- _Problem requirements_
A picture-free, exact transcript of the entries below is required.

- _Data in this exercise_

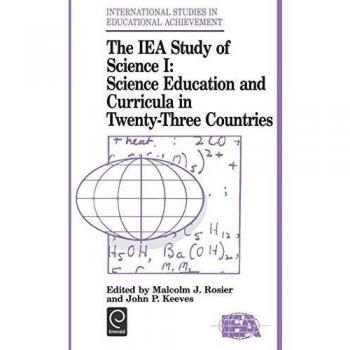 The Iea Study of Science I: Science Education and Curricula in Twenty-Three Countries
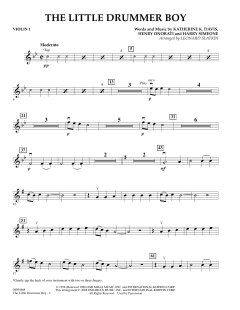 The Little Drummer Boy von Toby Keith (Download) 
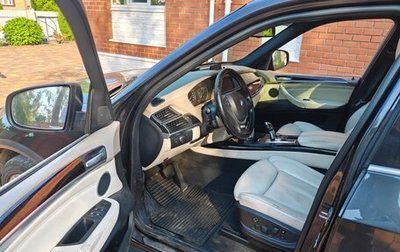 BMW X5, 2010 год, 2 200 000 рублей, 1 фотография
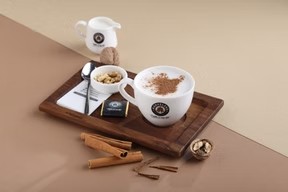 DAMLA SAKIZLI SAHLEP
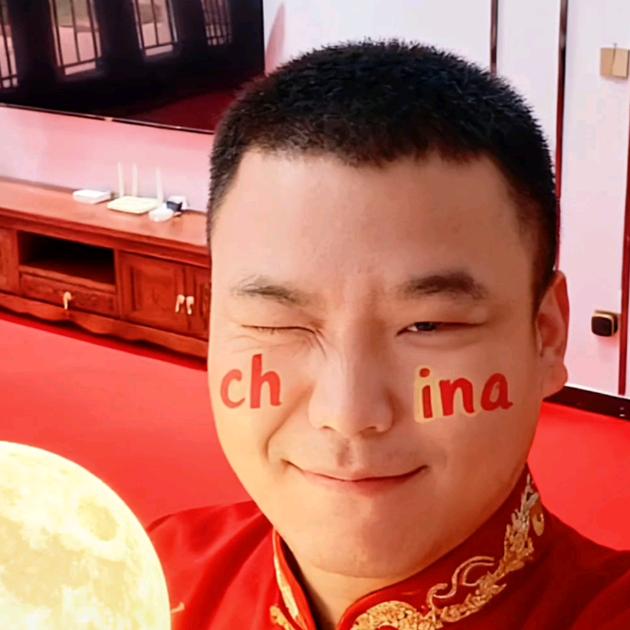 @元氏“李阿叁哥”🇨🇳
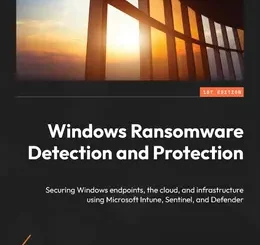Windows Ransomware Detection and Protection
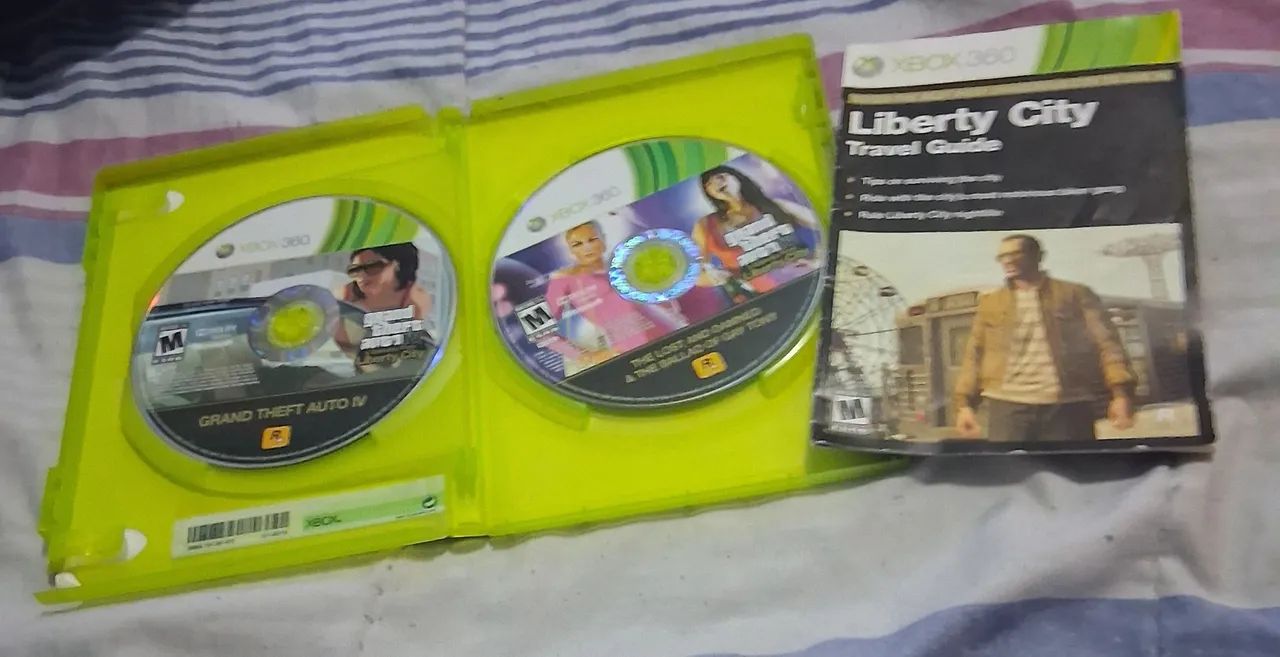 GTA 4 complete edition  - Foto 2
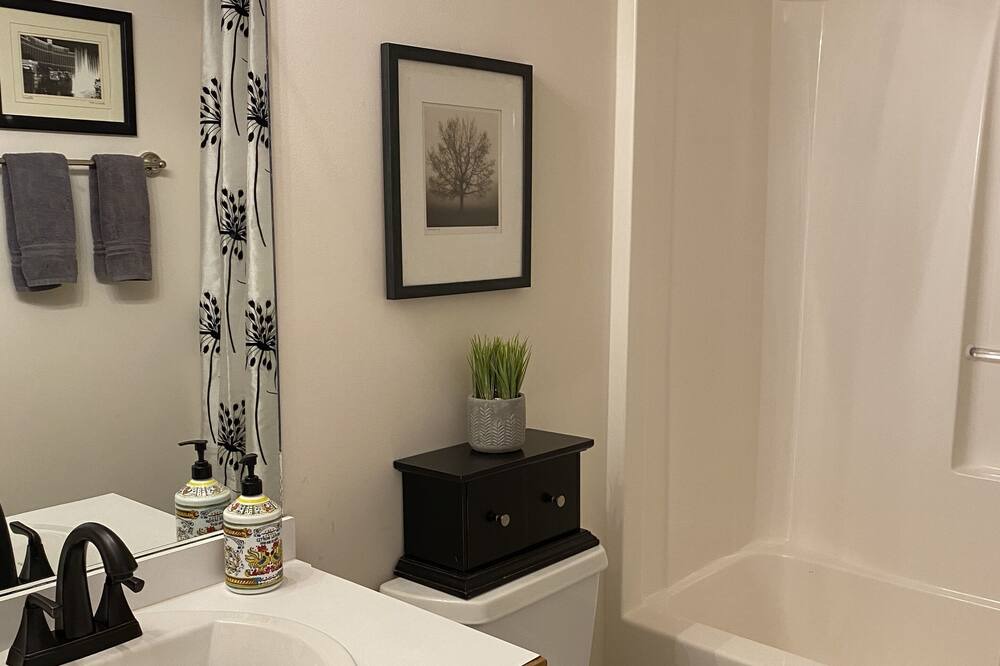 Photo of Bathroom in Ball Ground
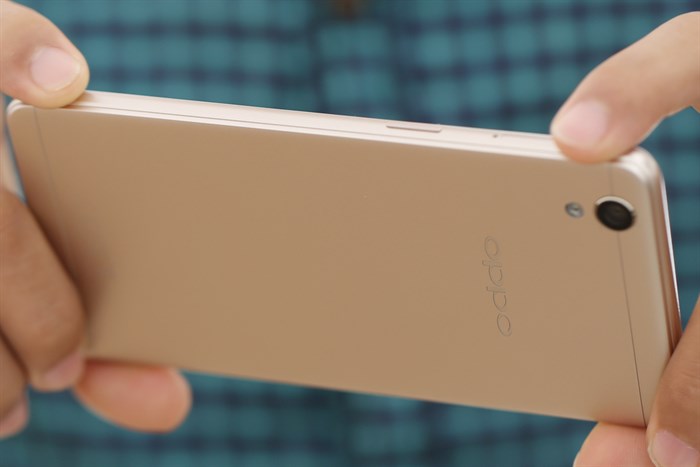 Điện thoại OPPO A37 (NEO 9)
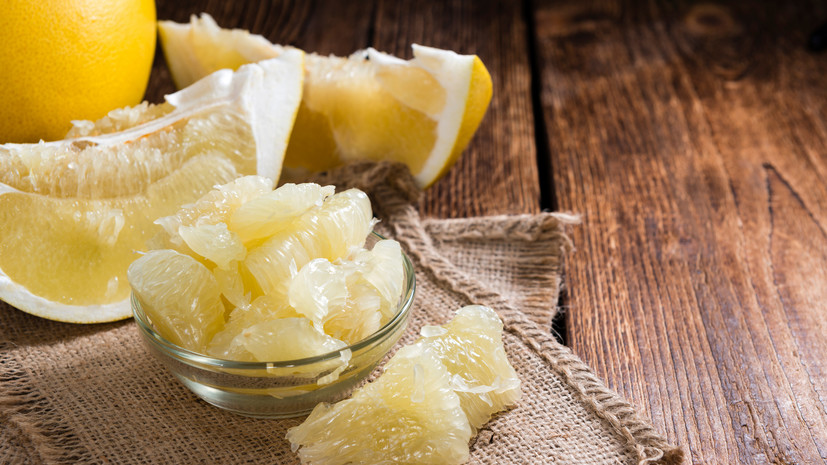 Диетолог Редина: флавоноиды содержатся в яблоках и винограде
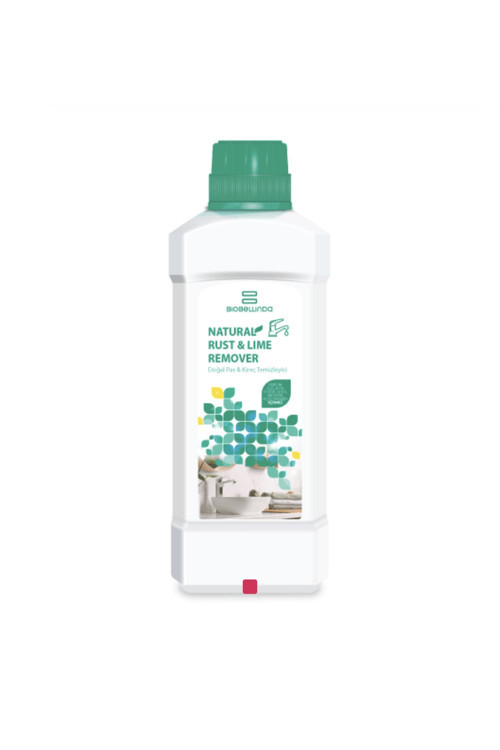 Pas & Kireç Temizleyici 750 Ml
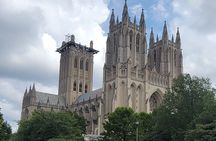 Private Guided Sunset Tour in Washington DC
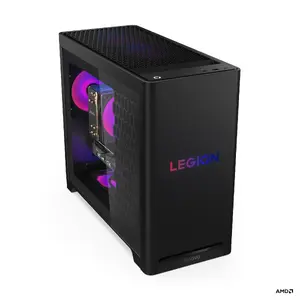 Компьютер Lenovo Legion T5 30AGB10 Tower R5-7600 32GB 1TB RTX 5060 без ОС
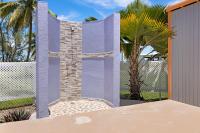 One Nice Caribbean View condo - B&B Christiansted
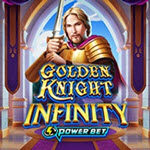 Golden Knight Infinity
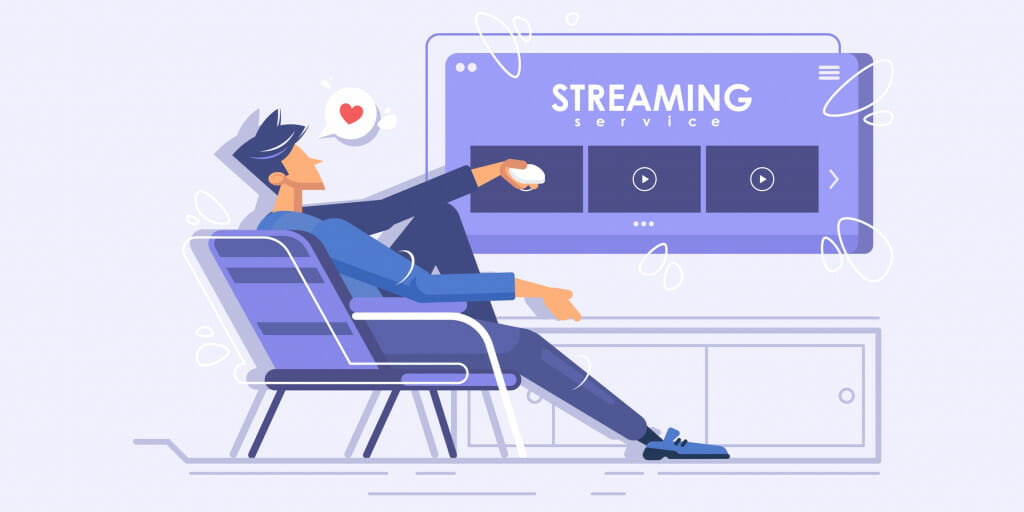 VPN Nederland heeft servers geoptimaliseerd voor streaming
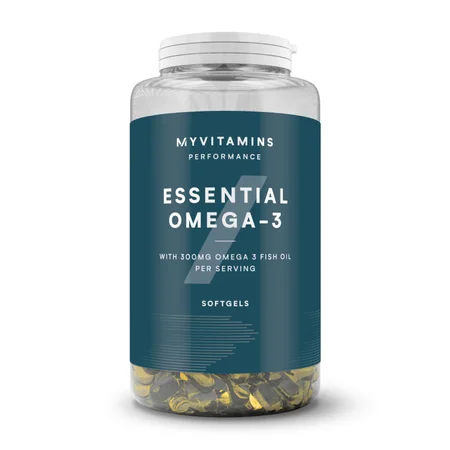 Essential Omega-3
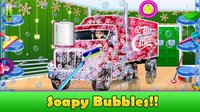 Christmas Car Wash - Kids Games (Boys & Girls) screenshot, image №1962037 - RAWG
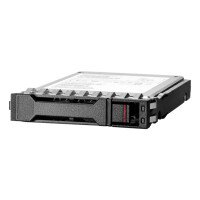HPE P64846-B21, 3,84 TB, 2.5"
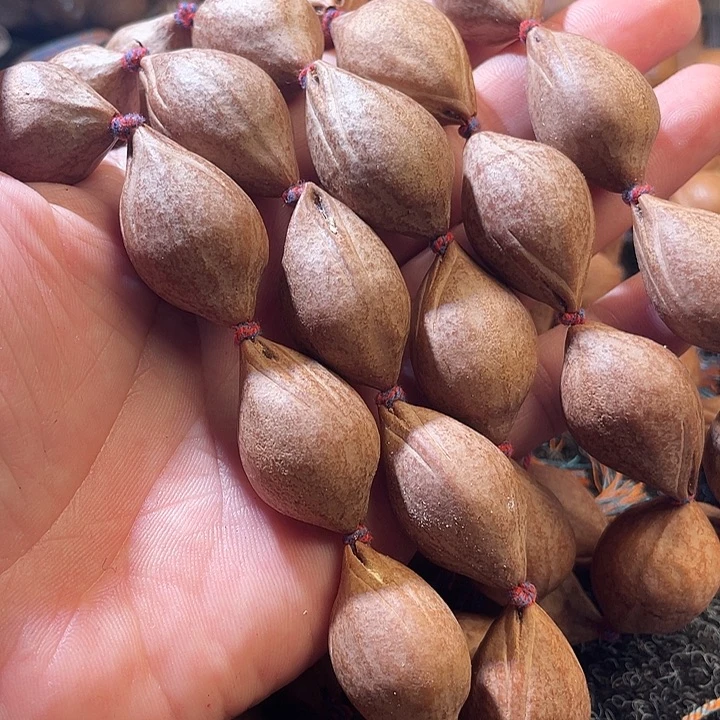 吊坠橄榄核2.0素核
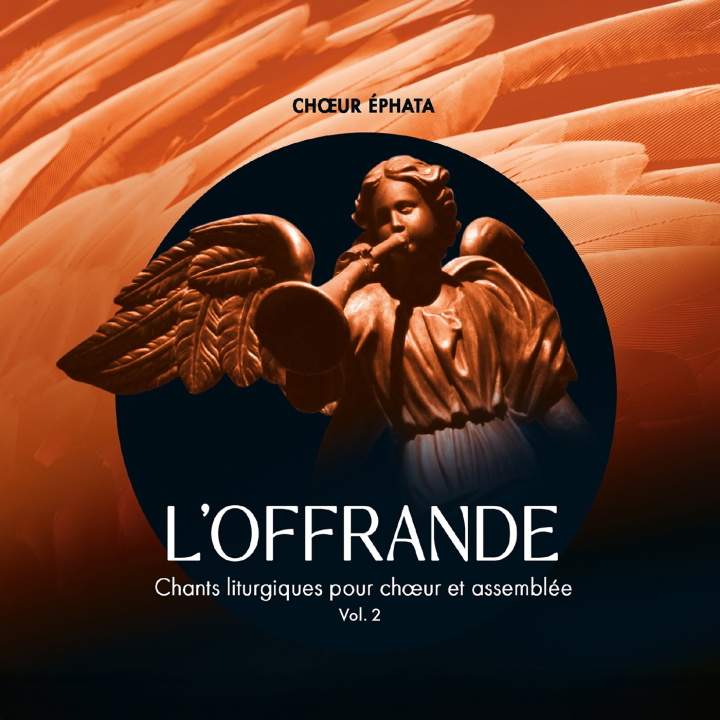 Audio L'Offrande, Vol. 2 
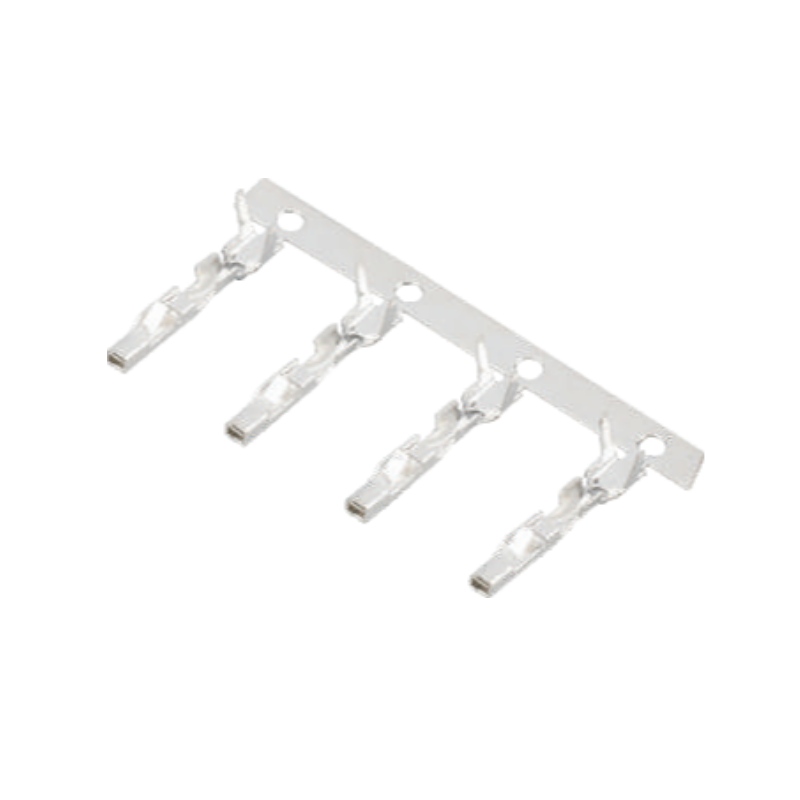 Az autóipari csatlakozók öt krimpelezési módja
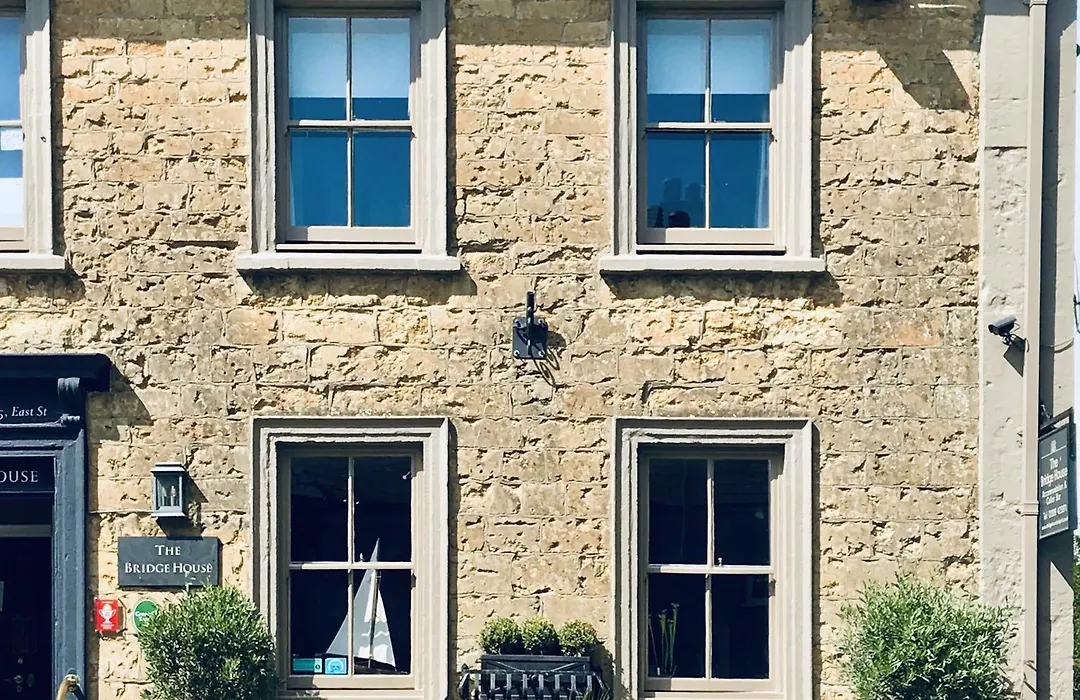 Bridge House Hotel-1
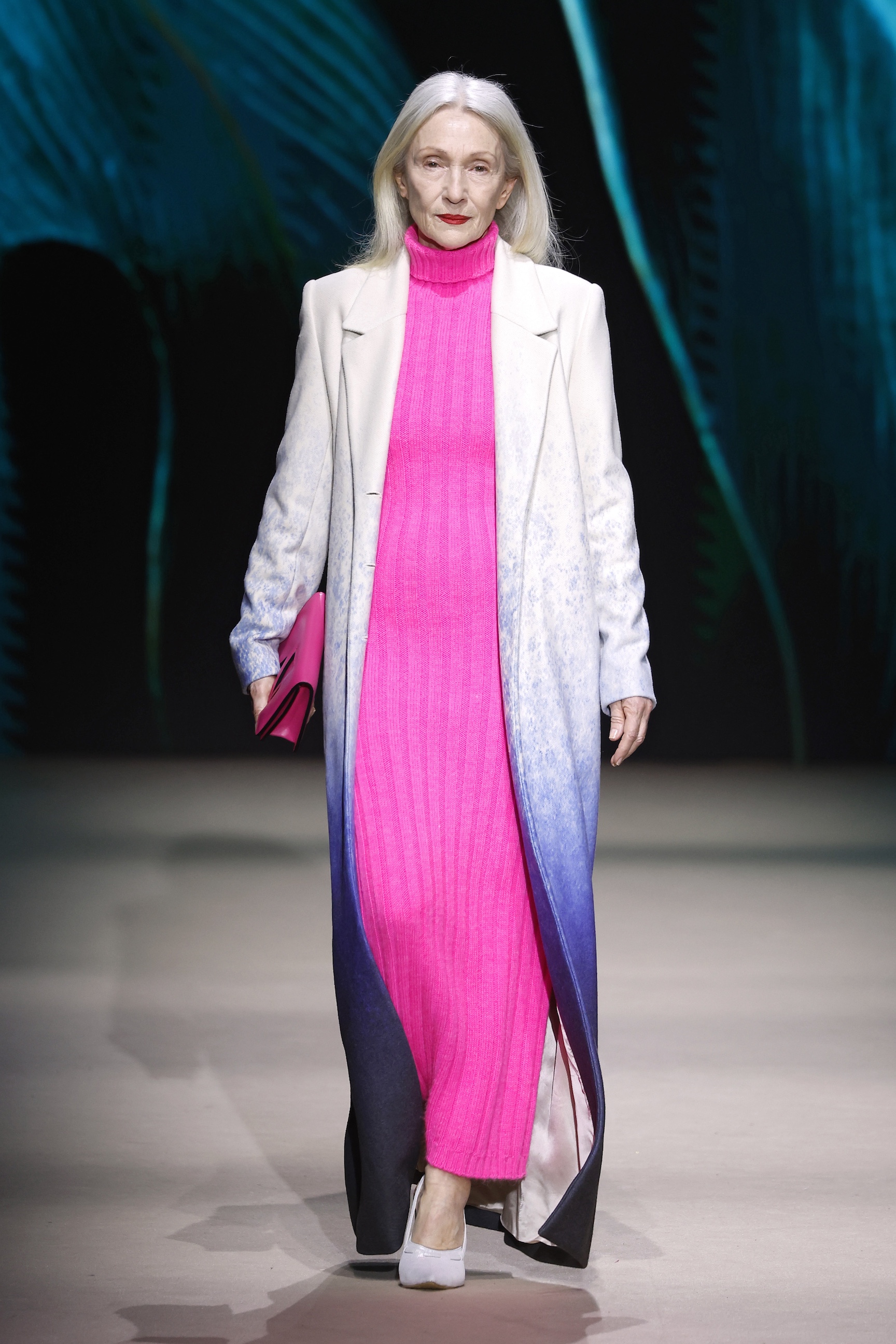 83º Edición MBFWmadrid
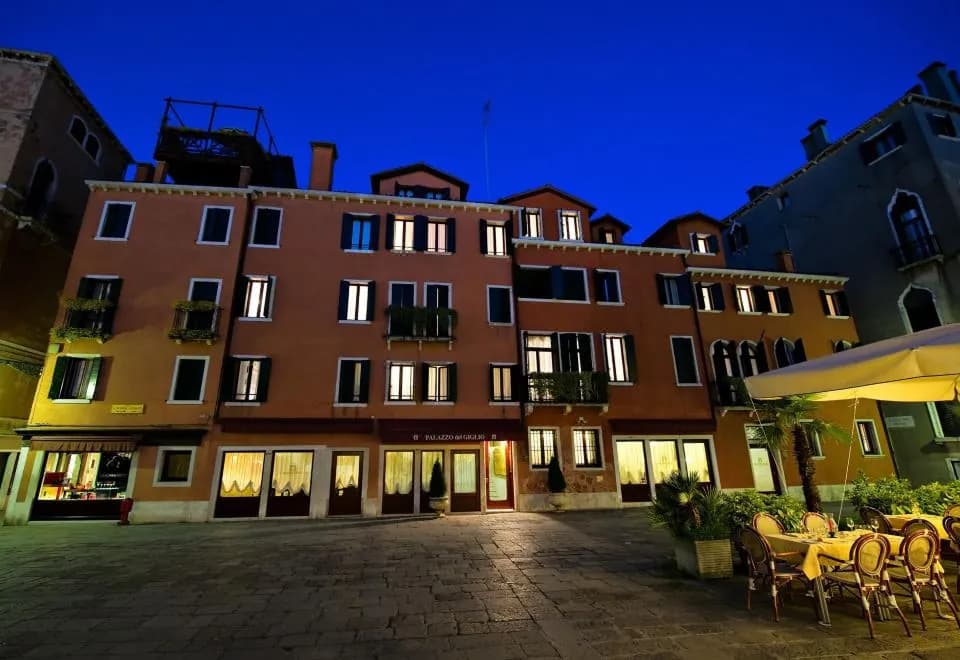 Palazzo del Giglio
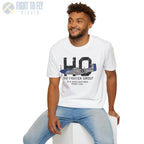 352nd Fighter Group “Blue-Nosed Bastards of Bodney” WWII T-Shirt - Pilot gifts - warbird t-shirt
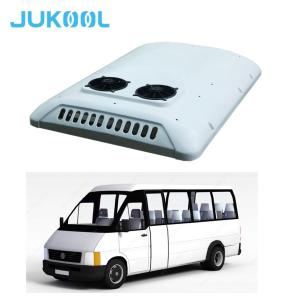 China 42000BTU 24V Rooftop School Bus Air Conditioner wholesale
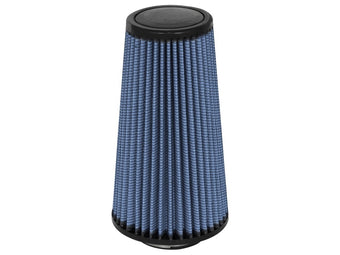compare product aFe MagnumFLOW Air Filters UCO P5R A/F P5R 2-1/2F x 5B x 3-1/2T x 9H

- _Output of the task_
 The Iea Study of Science I: Science Education and Curricula in Twenty-Three Countries
 The Little Drummer Boy von Toby Keith (Download) 
 BMW X5, 2010 год, 2 200 000 рублей, 1 фотография
 DAMLA SAKIZLI SAHLEP
 @元氏“李阿叁哥”🇨🇳
Windows Ransomware Detection and Protection
 GTA 4 complete edition  - Foto 2
 Photo of Bathroom in Ball Ground
 Điện thoại OPPO A37 (NEO 9)
 Диетолог Редина: флавоноиды содержатся в яблоках и винограде
 Pas & Kireç Temizleyici 750 Ml
 Private Guided Sunset Tour in Washington DC
 Компьютер Lenovo Legion T5 30AGB10 Tower R5-7600 32GB 1TB RTX 5060 без ОС
 One Nice Caribbean View condo - B&B Christiansted
 Golden Knight Infinity
 VPN Nederland heeft servers geoptimaliseerd voor streaming
 Essential Omega-3
 Christmas Car Wash - Kids Games (Boys & Girls) screenshot, image №1962037 - RAWG
HPE P64846-B21, 3,84 TB, 2.5"
 吊坠橄榄核2.0素核
 Audio L'Offrande, Vol. 2 
 Az autóipari csatlakozók öt krimpelezési módja
 Bridge House Hotel-1
 83º Edición MBFWmadrid
 Palazzo del Giglio
 352nd Fighter Group “Blue-Nosed Bastards of Bodney” WWII T-Shirt - Pilot gifts - warbird t-shirt
 China 42000BTU 24V Rooftop School Bus Air Conditioner wholesale
compare product aFe MagnumFLOW Air Filters UCO P5R A/F P5R 2-1/2F x 5B x 3-1/2T x 9H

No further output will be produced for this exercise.